We can show YOU how to cut your mortgage term by up to ½ and you will be paying LESS per month. The results we achieve for our clients will blow you away!
What is Refinancing?
Refinancing is the rolling of all of your existing debts into one loan, which will give you a lower repayment as well as a lower interest rate. The average Australian refinances his/her existing debts (credit cards, personal loans etc.) onto their home loan every 3.2 years.
What are the benefits of Refinancing?
There are plenty of advantages for you in refinancing your home loan. The major benefit is having a lower monthly repayment. You will also have a lower interest rate, a reduced mortgage term and we will be able to show you how to get your income to start working for you and NOT the banks!
An example of the benefits of Refinancing your home loan?
You may have existing credit card and personal loan debts totaling for example $10,000. You are currently paying $400 per month for this debt. By refinancing this personal debt onto your home loan, you will reduce your monthly repayments of $400 down to $200 per month and reduce your interest rate from 16% down to 7%. You will also own your home sooner!
Most people refinance for one of the following reasons:
You want to renovate your home.
You want to pay off debts more quickly and cheaply by rolling them into your home loan.
You want to get a cheaper rate, even if it means giving up a few loan features. For instance, many people find after a few years that they’re not making best use of a higher-rate mortgage offset loan.
You want to raise cash for a purchase such as a car or to have an overseas holiday.
You realise that your home loan doesn’t suit your personal habits.

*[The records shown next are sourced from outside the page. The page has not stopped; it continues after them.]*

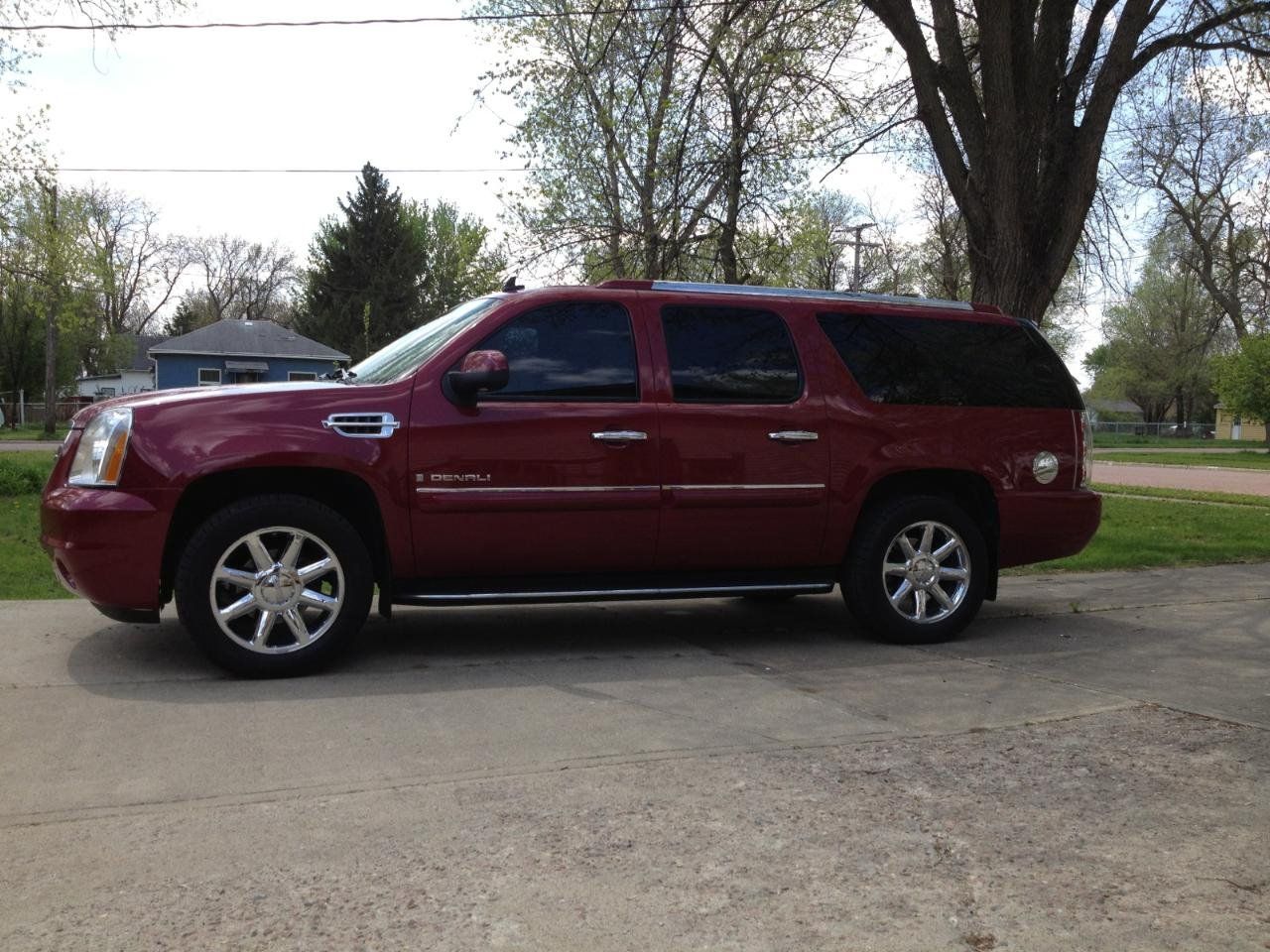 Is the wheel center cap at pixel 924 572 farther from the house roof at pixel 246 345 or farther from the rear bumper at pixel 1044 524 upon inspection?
the house roof at pixel 246 345

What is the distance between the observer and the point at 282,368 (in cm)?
5109

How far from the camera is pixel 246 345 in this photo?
168 ft

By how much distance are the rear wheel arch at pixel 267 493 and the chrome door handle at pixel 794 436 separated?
6.83 feet

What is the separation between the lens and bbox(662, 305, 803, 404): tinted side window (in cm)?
596

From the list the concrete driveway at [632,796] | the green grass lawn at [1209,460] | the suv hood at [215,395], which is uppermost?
the suv hood at [215,395]

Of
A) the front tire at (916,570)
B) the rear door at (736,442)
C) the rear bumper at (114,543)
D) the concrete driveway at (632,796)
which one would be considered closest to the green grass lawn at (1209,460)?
the front tire at (916,570)

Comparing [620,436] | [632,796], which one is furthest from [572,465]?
[632,796]

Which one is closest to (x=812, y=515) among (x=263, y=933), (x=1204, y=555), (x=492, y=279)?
(x=263, y=933)

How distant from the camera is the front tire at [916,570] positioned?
627 cm

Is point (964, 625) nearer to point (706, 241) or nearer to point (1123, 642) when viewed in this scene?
point (1123, 642)

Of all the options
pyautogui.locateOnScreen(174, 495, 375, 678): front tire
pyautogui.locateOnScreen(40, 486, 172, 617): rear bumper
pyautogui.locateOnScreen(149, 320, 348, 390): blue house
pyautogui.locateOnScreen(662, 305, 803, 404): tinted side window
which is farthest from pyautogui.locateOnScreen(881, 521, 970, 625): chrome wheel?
pyautogui.locateOnScreen(149, 320, 348, 390): blue house

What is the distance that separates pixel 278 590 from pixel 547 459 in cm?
139

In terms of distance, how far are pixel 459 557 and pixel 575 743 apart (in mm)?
1490

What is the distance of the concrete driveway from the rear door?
0.61m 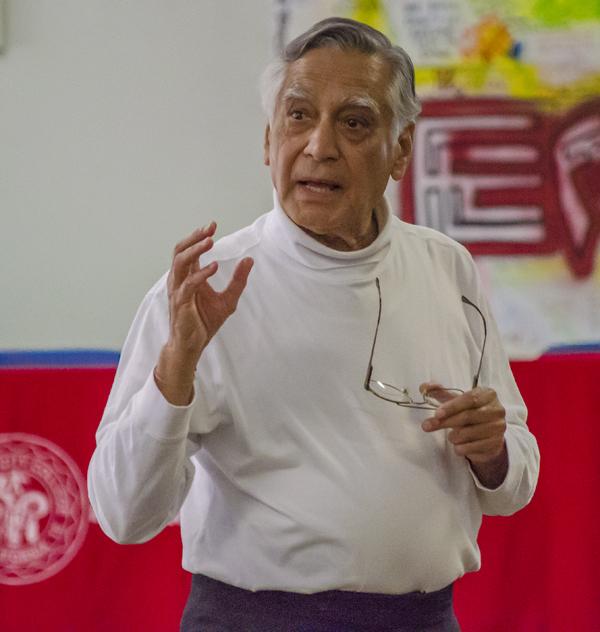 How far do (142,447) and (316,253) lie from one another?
381 mm

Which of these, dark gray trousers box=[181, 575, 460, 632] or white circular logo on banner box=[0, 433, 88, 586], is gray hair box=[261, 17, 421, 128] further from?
white circular logo on banner box=[0, 433, 88, 586]

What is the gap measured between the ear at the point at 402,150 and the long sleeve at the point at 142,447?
0.42 metres

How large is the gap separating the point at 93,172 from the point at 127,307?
0.37m

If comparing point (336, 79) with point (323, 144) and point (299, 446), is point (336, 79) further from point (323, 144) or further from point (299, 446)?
point (299, 446)

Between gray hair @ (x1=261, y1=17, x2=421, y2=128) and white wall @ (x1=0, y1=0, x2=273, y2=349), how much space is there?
129 cm

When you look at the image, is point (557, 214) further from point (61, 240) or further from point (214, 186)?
point (61, 240)

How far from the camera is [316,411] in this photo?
135 centimetres

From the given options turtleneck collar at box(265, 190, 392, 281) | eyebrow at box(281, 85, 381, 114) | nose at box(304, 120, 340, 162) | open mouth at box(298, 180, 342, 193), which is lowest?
turtleneck collar at box(265, 190, 392, 281)

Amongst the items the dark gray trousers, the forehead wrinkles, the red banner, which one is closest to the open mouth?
the forehead wrinkles

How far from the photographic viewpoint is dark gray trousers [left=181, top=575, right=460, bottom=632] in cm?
131

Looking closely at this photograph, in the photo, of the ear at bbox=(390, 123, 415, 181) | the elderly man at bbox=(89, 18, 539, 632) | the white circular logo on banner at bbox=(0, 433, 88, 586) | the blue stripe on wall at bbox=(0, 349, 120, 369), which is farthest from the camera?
the blue stripe on wall at bbox=(0, 349, 120, 369)

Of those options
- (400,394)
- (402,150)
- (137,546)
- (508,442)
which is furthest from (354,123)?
(137,546)

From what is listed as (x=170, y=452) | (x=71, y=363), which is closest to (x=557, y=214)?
(x=71, y=363)

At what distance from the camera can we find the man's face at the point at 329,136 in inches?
54.9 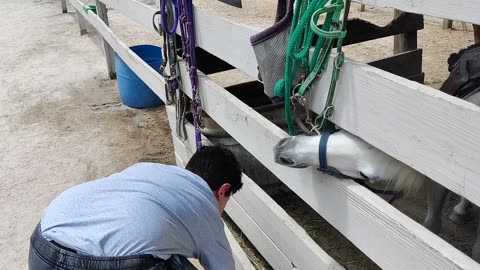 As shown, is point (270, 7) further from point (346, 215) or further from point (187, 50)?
point (346, 215)

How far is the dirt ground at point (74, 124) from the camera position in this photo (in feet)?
10.2

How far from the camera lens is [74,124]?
4.78m

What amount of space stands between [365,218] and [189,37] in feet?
4.65

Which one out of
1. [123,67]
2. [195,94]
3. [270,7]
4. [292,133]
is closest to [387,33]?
[195,94]

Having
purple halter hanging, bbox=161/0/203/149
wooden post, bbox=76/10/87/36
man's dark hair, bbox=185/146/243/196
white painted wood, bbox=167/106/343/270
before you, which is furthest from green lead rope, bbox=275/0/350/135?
wooden post, bbox=76/10/87/36

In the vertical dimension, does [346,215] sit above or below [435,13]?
below

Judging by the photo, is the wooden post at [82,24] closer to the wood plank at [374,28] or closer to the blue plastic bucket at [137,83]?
the blue plastic bucket at [137,83]

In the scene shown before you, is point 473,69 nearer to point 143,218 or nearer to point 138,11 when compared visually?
point 143,218

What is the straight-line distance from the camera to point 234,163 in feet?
5.97

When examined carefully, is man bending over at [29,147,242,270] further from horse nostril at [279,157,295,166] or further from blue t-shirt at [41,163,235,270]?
horse nostril at [279,157,295,166]

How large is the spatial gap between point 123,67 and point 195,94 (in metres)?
2.47

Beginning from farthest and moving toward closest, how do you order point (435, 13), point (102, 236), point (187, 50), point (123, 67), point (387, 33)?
point (123, 67) → point (387, 33) → point (187, 50) → point (102, 236) → point (435, 13)

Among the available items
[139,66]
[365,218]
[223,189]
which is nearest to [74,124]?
[139,66]

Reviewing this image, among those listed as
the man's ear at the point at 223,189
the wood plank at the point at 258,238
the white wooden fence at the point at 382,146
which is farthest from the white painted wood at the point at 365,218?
the wood plank at the point at 258,238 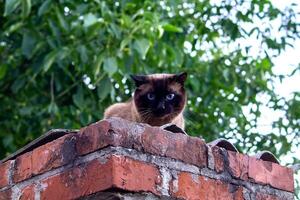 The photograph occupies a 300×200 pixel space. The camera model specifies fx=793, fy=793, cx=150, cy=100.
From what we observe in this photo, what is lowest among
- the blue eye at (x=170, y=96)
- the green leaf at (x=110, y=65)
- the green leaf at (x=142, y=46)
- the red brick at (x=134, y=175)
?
Answer: the red brick at (x=134, y=175)

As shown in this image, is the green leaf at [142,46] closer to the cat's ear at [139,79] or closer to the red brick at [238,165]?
the cat's ear at [139,79]

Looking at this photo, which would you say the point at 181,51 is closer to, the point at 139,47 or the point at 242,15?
the point at 242,15

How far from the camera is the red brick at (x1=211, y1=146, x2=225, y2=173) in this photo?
8.22ft

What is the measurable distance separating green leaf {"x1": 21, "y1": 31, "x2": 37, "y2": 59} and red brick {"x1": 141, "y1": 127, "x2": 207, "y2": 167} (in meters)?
3.16

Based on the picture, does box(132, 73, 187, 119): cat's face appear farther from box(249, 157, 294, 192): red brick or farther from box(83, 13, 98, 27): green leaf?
box(249, 157, 294, 192): red brick

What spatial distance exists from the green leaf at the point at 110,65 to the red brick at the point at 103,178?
2.71 m

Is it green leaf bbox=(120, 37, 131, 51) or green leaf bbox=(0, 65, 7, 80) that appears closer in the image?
green leaf bbox=(120, 37, 131, 51)

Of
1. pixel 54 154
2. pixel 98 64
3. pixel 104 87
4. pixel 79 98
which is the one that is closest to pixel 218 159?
pixel 54 154

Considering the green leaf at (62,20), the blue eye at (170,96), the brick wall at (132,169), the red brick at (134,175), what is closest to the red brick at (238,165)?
the brick wall at (132,169)

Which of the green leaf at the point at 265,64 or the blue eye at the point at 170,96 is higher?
the green leaf at the point at 265,64

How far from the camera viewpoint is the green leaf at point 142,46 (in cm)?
514

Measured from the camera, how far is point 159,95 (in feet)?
16.0

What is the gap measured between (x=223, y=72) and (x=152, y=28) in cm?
105

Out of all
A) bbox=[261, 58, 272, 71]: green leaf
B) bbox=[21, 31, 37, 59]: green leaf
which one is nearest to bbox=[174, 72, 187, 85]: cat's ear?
bbox=[21, 31, 37, 59]: green leaf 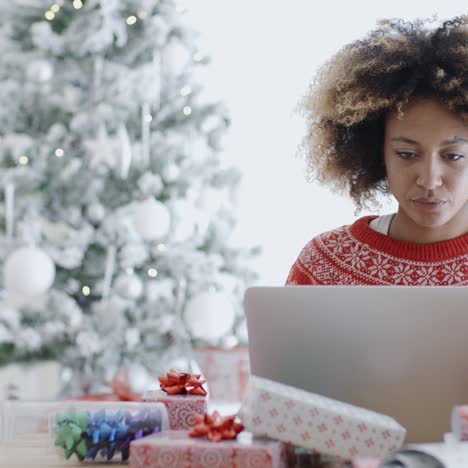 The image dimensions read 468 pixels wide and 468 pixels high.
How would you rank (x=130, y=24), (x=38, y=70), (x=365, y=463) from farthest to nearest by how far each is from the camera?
1. (x=130, y=24)
2. (x=38, y=70)
3. (x=365, y=463)

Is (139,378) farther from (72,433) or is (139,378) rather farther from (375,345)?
(375,345)

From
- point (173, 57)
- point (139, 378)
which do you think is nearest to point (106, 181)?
point (173, 57)

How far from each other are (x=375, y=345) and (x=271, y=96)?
2.65 m

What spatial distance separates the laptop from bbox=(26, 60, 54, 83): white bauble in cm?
234

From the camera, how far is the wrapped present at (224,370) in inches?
129

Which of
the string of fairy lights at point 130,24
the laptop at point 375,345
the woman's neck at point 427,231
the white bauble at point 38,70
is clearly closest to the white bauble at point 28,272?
the string of fairy lights at point 130,24

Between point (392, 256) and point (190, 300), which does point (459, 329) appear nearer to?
point (392, 256)

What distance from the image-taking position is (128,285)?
10.2ft

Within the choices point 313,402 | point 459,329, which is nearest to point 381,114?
point 459,329

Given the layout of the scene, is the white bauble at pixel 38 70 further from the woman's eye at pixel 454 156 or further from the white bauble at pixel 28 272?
the woman's eye at pixel 454 156

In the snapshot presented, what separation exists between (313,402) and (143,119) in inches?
95.3

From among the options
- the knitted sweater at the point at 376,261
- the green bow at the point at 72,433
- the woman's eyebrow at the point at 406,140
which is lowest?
the green bow at the point at 72,433

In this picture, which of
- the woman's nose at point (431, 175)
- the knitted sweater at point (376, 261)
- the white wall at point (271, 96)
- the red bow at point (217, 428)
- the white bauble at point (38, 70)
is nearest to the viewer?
the red bow at point (217, 428)

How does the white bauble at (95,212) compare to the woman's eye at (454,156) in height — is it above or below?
below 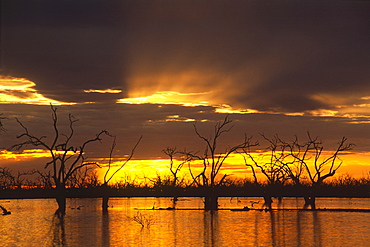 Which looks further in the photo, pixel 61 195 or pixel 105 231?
pixel 61 195

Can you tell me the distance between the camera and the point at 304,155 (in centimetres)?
6372

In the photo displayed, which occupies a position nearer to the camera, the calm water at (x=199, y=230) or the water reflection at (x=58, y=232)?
the calm water at (x=199, y=230)

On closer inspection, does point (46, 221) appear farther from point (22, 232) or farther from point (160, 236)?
point (160, 236)

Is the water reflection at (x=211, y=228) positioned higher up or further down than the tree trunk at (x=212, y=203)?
further down

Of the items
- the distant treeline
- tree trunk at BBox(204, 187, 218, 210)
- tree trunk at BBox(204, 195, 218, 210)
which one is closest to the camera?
tree trunk at BBox(204, 187, 218, 210)

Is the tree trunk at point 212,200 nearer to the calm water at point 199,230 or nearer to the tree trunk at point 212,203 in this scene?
the tree trunk at point 212,203

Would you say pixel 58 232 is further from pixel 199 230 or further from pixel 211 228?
pixel 211 228

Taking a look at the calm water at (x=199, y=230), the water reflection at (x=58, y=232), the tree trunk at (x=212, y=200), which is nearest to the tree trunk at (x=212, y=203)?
the tree trunk at (x=212, y=200)

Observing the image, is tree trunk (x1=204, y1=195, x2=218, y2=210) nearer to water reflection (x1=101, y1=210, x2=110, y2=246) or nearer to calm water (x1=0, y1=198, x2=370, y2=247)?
calm water (x1=0, y1=198, x2=370, y2=247)

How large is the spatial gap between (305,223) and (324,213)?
1046 centimetres

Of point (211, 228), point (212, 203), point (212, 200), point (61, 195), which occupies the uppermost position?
point (61, 195)

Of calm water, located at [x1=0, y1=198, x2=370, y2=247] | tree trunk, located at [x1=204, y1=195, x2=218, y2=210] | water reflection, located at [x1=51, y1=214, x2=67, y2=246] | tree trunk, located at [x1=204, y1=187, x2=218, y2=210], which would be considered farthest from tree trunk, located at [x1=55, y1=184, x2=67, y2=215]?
tree trunk, located at [x1=204, y1=195, x2=218, y2=210]

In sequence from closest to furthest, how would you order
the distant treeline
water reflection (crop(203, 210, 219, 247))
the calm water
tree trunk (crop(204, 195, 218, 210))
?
water reflection (crop(203, 210, 219, 247))
the calm water
tree trunk (crop(204, 195, 218, 210))
the distant treeline

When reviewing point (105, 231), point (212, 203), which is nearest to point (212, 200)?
point (212, 203) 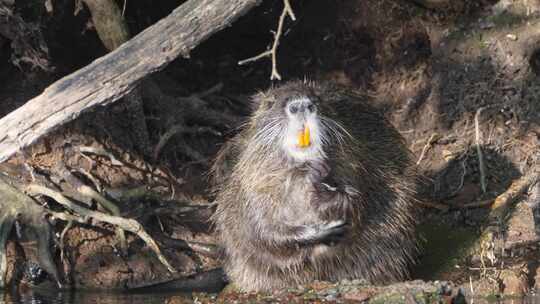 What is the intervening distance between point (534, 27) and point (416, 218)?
4.97 feet

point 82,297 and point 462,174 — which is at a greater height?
point 462,174

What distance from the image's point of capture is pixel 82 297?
505 centimetres

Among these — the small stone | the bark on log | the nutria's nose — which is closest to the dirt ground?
the small stone

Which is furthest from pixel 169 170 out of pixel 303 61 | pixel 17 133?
pixel 17 133

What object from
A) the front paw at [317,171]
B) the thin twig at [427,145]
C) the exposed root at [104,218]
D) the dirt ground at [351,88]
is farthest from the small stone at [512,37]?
the exposed root at [104,218]

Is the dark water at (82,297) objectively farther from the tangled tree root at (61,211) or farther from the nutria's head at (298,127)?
the nutria's head at (298,127)

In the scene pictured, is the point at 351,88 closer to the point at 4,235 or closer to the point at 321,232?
the point at 321,232

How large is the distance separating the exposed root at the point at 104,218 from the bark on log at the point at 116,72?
2.71 ft

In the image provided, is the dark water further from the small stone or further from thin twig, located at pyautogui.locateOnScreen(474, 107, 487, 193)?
the small stone

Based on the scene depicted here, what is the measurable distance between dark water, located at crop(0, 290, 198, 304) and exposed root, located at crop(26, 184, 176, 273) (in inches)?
11.0

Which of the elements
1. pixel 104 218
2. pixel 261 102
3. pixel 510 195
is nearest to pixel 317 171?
pixel 261 102

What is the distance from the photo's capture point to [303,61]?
662 cm

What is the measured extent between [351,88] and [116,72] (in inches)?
81.3

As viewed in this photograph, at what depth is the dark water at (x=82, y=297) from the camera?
16.1ft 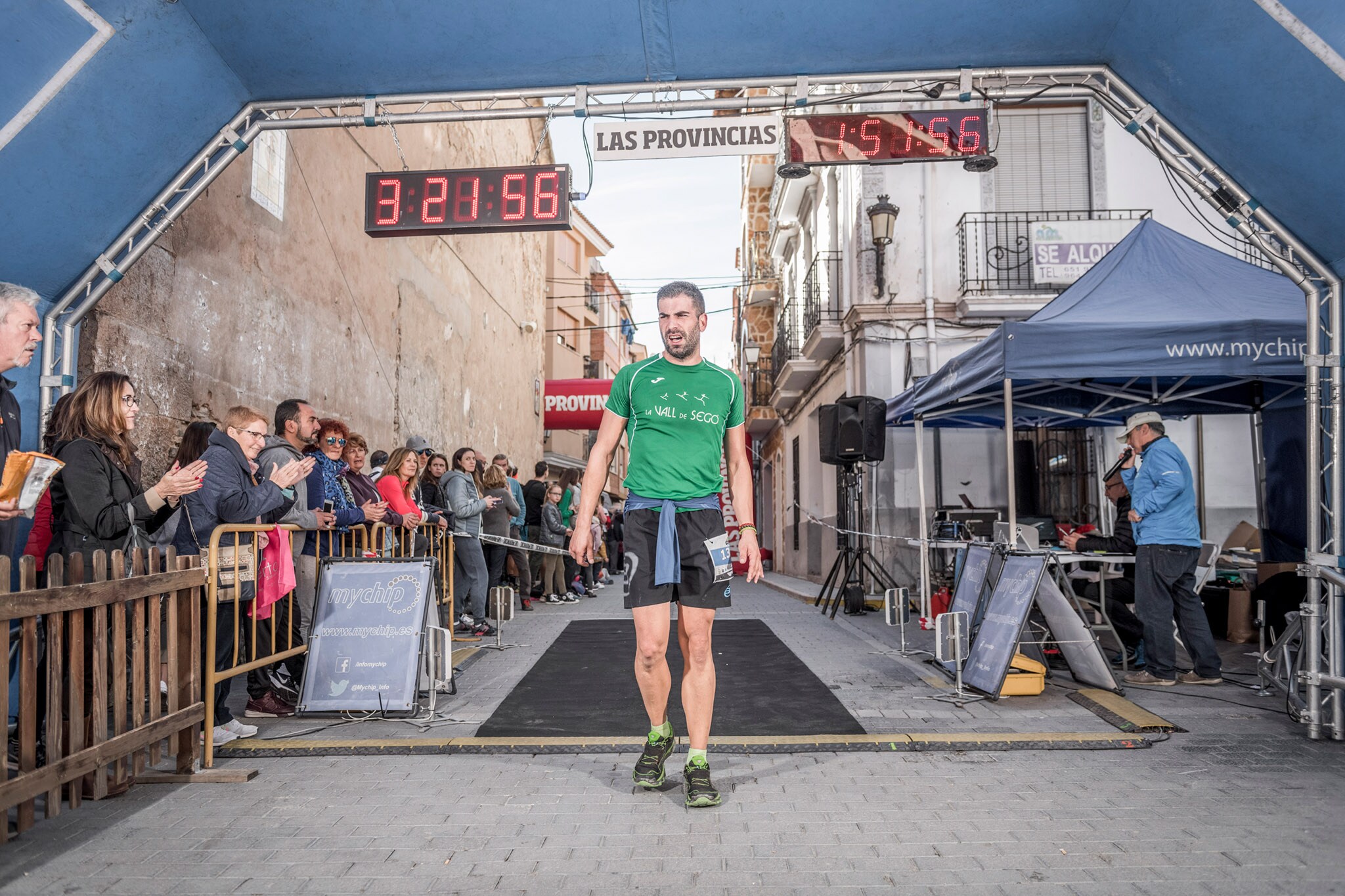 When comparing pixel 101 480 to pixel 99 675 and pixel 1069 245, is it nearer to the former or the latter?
pixel 99 675

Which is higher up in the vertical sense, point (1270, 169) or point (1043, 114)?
point (1043, 114)

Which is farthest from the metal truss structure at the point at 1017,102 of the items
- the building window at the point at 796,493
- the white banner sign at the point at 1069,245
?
the building window at the point at 796,493

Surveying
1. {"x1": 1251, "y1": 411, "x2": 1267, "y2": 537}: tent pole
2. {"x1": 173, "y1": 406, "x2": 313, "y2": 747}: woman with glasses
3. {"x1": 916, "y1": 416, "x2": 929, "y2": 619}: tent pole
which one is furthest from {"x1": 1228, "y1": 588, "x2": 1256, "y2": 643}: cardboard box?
{"x1": 173, "y1": 406, "x2": 313, "y2": 747}: woman with glasses

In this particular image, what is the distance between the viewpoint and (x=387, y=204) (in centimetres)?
768

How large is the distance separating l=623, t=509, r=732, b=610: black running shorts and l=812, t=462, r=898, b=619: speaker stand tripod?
24.8 feet

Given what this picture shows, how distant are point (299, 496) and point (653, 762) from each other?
124 inches

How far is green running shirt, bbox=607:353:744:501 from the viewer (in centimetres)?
421

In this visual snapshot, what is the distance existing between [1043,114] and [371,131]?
31.4 feet

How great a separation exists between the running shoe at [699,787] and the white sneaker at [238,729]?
2.52m

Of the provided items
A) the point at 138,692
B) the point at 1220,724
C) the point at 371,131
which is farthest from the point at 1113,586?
the point at 371,131

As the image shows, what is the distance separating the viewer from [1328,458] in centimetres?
544

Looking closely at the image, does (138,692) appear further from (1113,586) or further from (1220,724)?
(1113,586)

This often happens to “line of credit” borrowers, who eventually realise they’d be better off with a loan that forced them to pay it off over time.
You have a good income and you want a home loan that will actually allow your income to start working for you- an “all-in-one” account.
You are currently paying a high interest rate – for example, if you arranged a low-deposit, rising-rate home loan from your builder.
You want to switch from a fixed rate to a variable rate, perhaps because you can accept the risk of higher repayments.
You want to switch from a variable rate to a fixed rate, perhaps because you need the certainty that your repayments will stay the same for the next three years or so.